RUN NO. 2236
DATE: 28 JUN 2011
“Beyond the Back Horn”
This week’s run came with a warning from the GM that it wouldn’t be easy. The writing should have been on the wall given the relatively small number of runners and the relatively high fitness level they possessed. However, with only the mildest of qualms, off we set, ready to tackle the ‘two big hills and some heavy undergrowth.’
Going in was quite thick and we headed into a moderate climb. The front horns quickly became a faint Cullen-like blur in the distance while we carefully found a pace. Knowing there were going to be two big hills, turning back after half an hour seemed a good option. Then came the first hill. Having got to the top it seemed that going on would be easier than turning back.
The cool breeze from the ridge was lovely but the difficulty level was soon to get a lot, lot worse. The second hill was intense, seeming virtually vertical. The little engine that could proved inspirational on this hill, “I think I can, I think I can” quickly becoming my mantra.
Having reached the ridge, it seemed that we were on the home stretch.
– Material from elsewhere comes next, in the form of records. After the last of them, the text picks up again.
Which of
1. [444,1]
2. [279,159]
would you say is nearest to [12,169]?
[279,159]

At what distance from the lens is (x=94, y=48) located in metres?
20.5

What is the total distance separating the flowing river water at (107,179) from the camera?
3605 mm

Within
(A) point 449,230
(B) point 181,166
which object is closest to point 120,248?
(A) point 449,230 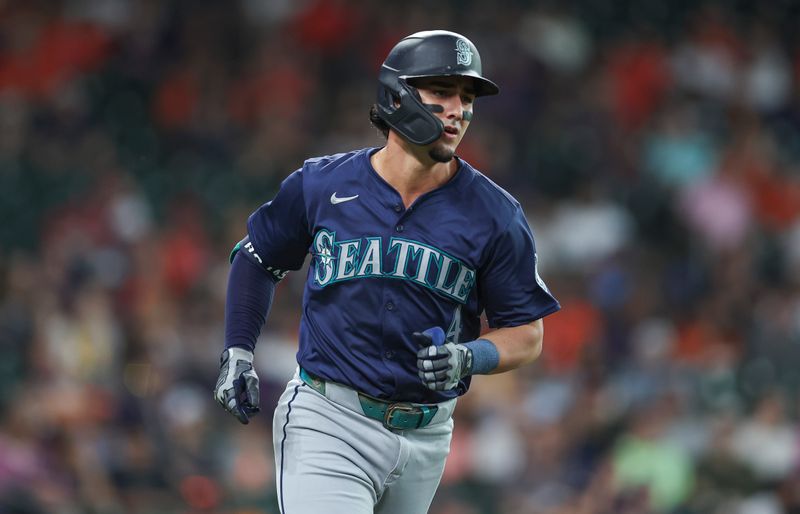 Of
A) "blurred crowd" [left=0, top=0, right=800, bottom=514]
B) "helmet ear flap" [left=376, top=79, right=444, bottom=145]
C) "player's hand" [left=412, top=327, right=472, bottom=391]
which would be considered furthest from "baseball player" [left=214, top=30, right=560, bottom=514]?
"blurred crowd" [left=0, top=0, right=800, bottom=514]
Squelching through several water crossings the air around us began to grow dusky. Looking for the white paper we had been told would show the way out, we were relieved after about the seventh time crossing the creek, to see strips of white. In the half light it was difficult to see that although white, it was possibly not new paper…
Scrambling up the creek bank and thinking we were following paper, it became an attempt to get out before the sun set completely. Soon we were met by tree trunks blocking the path. However, seeing more paper, the sensible thing seemed to be to follow it. Over the logs and through the webs we went. As we lost light, the spider webs became harder to see and seemed to be extra sticky. After climbing over more logs and up and down a gully we checked the paper by the light of key-ring pen torches. What we found were week-old holes and Chinese characters: not the paper we were looking for.
Slowly it dawned that we were somewhat off paper. An aborted phone call later the best decision seemed to be to head for higher ground to try and get some phone reception as well as bearings. By this time, a teeny-tiny bit of worry began to set in. It certainly feels isolating in the dark, disoriented and without any phone reception! After another 20 minutes heading up, a toilet stop and finger cramp from keeping the button on the torch pressed down we were rewarded by bars- Bars of DST! While on the phone we discovered we were back on the original paper- double happiness indeed.
A quick call back to the tent later and we learned the hens were on the way back in. The temptation to go on was more overwhelming than expected and in the fresh night air the night sounds played tricks. After what seemed like a lot longer than the half hour it took, we began to hear the real horns.
Slowly but surely, the on-ons got closer. And there they were, hundred pluses, torches and actual knowledge of where the hell we were. We set off the ‘back way’ to get out. The gradient of the second hill seemed even steeper on the way down. Any pretence of walking went out the window as the track became an impromptu leafy slide. Some of those branches got a bit close and personal…At the bottom it was a case of steady going and careful checks. Legs starting to wobble, it was one last hill and then a comfort stop for one of the hens and finally, four hours after we started, it looked like the night would be spent in 1000-thread count Egyptian cotton sheets rather than zero thread count leaves and insects.
The shout out consisted of unbelievably delish fresh rolls and salads, most welcome at half past nine at night, and the hardy few who stayed on to celebrate the safe return of all hashers.
Lessons learned this week: pen torches are not good in the jungle. Check paper properly before blithely following it. Always charge the phone before going out and not to get bloody lost again!